Clinical Contract Manager

at  IPSEN BIOSCIENCE INC

KNOWLEDGE, ABILITIES & EXPERIENCE

Education / Certifications:

• Master’s degree required in relevant focused area.

Experience:

• 5+ years of post-qualification experience, including relevant international experience in clinical trials contract management.
• Experienced in reviewing standard terms and conditions and legal approved standard clauses within the company’s contract templates and the variations in such clauses as may be needed to address country specific requirements (Global)
• Experienced in negotiating with trial sites’ and service providers’ legal and / or contracting teams across international locations.
• Experience working with R&D teams and cross-functional teams.
• Demonstrated ability to juggle multiple contract / tasks demands at one time whilst remaining responsive to internal clients’ requests.

Languages:

• Fluent in English
• Additional languages a plus

SUMMARY / PURPOSE OF THE POSITION

This is a global R&D level position focusing on supporting the Global Clinical Development Operations (CDO) function as part of the CDO Business Strategy & Operations group, to manage and facilitate the management of clinical trial/clinical project related contracts as per guidance of the legal department and other applicable Company policies and procedures. This includes but is not limited to preparing/reviewing and negotiating standard terms and conditions language and requests for changes to such language by clinical sites in clinical trial agreements and related contracts for all R&D studies worldwide, management of the POA (Power of Attorneys) documents that may be granted to a Service Provider, controlling, and tracking the contract signature process to ensure compliance with the contract approval requirements.
The individual will have a paralegal background and experience with review and feedback on requests for changes to company defined standard T&C sections of master or country specific clinical trial agreements.
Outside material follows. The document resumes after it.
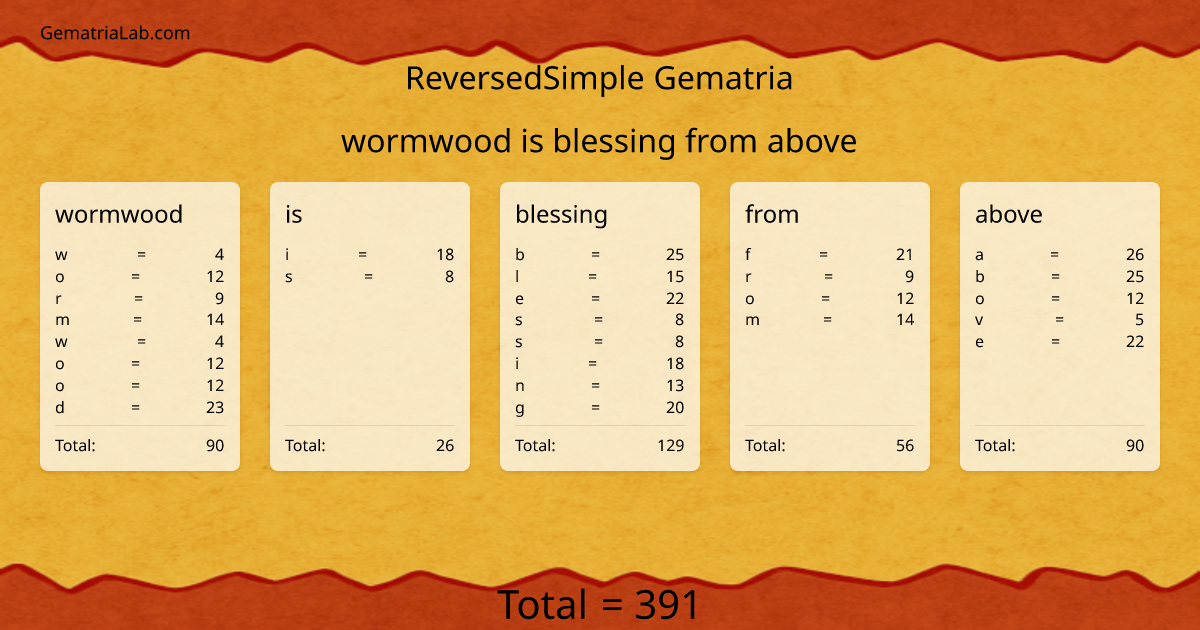 wormwood is blessing from above in reversedSimple Gematria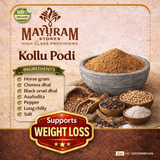 Kollu Podi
This person should be comfortable in bridging between clinical operations teams, site contracting teams and legal teams. They must be process oriented, strong on process enhancement and control needs, rigorous and organized. We see the Clinical Contract Manager as a key partner in supporting our clinical trial excellence strategy.

GENERAL RESPONSIBILITIES:

• Keeps up to date on emerging clinical trial related contractual management trends in the pharmaceutical industry including country specific requirements for T&C that differ to the Company standard T&C and how this impacts the CTAs to be executed within that country.
• Develops and implements robust clinical contract management training to R&D personnel as needed, together with associated tools and templates.
• Supports the continuous improvement of standard templates and processes for clinical contracts.
• Ensures smooth collaboration and regular interactions with all the internal stakeholders including Global Ethics and Compliance and Corporate Legal
• Escalates contract related delays / issues to the relevant RDLT member for transparency and issue resolution needs.

EHS RESPONSIBILITIES:

• Complies with applicable EHS regulations and procedures.
• Participates in the site’s EHS performance by reporting risks, malfunctions, or improvements.
• Participates in mandatory EHS training.